Lenovo Xclarity plugin

Sara · October 7, 2022, 2:31pm

Hello Matjaž!

About the packages on the exchange, here is a longer explanation of what happened: Checkmk Exchange: Technical Difficulties with Package Reviews
In short, for some time we could not review the packages and now the team is doing their best to catch up. But it is true – some updates could not be reviewed on time, unfortunately.

Sara · October 7, 2022, 2:33pm

Hello Andreas! So, the current situation is that uploading packages work, and the system is fixed – we are just a little behind on the reviews. Just to make sure – have you also uploaded the new version to the exchange?

andreas-doehler · October 7, 2022, 2:34pm

At the moment i have 3 pending updates (added in august) and 1 newly added version today.

Sara · October 7, 2022, 2:36pm

Got it, thanks. I will talk to the reviewers on Monday to check with them on the status, this information really helps.

Sara · October 18, 2022, 2:53pm

Hi @andreas-doehler! Last week it seems all was resolved with package reviews. Is everything ok with your updated versions?

andreas-doehler · October 18, 2022, 3:07pm

Hi @Sara it looks ok now.

bitwiz · October 22, 2022, 6:36pm

Should “Absent” items not be skipped on discovery?
(or rather, should there be a rule which “status” values are valid for discovery?)

Quick diff:

--- local/lib/check_mk/base/plugins/agent_based/utils/lenovo_xclarity.py        2022-10-22 20:54:37.189527505 +0200
+++ local/lib/check_mk/base/plugins/agent_based/utils/lenovo_xclarity.py.NEW    2022-10-22 20:53:03.747459228 +0200
@@ -34,4 +34,8 @@
 
 def discovery_lenovo_xclarity_multiple(section) -> DiscoveryResult:
     for item in section:
-        yield Service(item=item)
+        data = section.get(item)
+        state = data.get("Status", {"State": "Unknown"}).get("State", "Unknown")
+        if state != "Absent":
+            yield Service(item=item)
+

andreas-doehler · October 22, 2022, 8:44pm

I made the things a little bit different but in the end it is the same
Also reworked the temperature check to use the normal check_temperature.
Can you please test if it is working as expected.

My system where i got the data from had no missing sensors.

bitwiz · October 22, 2022, 9:46pm

My system where i got the data from had no missing sensors.

I’d only monitered fully loaded systems, too - until yesterday, when I noticed a lot of yellow services after discovery.

Not an issue anymore with your new version, I’ve tried a Tabula Rasa and I don’t see the Absent items any longer, and everything else is still there. Everything looks fine to me!

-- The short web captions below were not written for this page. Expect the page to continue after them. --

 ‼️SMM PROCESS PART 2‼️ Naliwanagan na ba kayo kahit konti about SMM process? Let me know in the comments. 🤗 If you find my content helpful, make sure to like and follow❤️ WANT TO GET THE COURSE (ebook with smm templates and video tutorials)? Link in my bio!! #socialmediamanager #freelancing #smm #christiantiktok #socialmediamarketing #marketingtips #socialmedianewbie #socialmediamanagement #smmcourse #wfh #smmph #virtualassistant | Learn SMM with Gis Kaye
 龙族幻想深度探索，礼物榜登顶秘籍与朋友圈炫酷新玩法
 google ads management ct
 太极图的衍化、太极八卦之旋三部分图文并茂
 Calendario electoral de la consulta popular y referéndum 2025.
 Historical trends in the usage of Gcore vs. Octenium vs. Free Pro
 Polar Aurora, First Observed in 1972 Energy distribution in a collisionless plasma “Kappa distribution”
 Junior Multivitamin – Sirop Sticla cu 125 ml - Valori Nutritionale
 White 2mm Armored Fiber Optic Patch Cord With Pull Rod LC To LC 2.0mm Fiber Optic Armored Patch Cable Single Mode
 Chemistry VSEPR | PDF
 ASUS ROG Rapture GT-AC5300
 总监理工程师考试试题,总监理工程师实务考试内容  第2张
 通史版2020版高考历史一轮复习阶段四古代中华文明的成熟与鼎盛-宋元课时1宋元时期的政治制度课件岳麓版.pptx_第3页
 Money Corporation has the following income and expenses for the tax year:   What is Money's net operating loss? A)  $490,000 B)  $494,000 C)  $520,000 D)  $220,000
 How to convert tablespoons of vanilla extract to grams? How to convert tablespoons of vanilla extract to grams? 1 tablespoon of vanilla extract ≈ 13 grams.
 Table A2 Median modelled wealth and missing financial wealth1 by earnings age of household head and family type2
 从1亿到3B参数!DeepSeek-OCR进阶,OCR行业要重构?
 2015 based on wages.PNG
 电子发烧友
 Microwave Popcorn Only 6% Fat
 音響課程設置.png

I’d like to get rid of the need to configure SNMP on the XCC boards altogether, but the “official” Lenovo plugins by Silvio Erdenberger use SNMP to poll health information, and while a lot of them have been made redundant by your excellent special agent, I’m wondering whether the missing pieces can be polled via Redfish as well, or are not even that useful:

CPUs
Disks
RAM DIMMs (we’ve got the temperature, likely this would tell is if a DIMM went critical)
PSU FRU / S/Ns
overall system health status

Most of the missing checks are only displaying FRU / S/N information and their only benefit is getting an inventory of all of your hardware servers without logging into each XCC GUI.

In terms of monitoring / alerting, if anything was wrong with them it would be enough to simply see a yellow or red “system health” service; one would certainly continue investigating (and checking the correct FRU for replacement) via manual XCC login / onsite? So probably not really necessary to add explicit CPU/RAM/Disk checks.

But is there a way to get the overall health status? Or how would we notice, via your XCC checks, whether a disk failed?

bitwiz · October 31, 2022, 10:51am

In case of error, the agent nevertheless exits with 0? This leads to Checkmk assuming that everything went well, when it didn’t.

OMD[MYSITE]:~$ /omd/sites/MYSITE/local/share/check_mk/agents/special/agent_lenovo_xclarity -u ‘USERID’ -p ‘MYPASSWORD’ -i ‘172.16.16.16’
Please check the username, password, IP is correct
Error: 0OMD[MYSITE]:~$ echo $?
0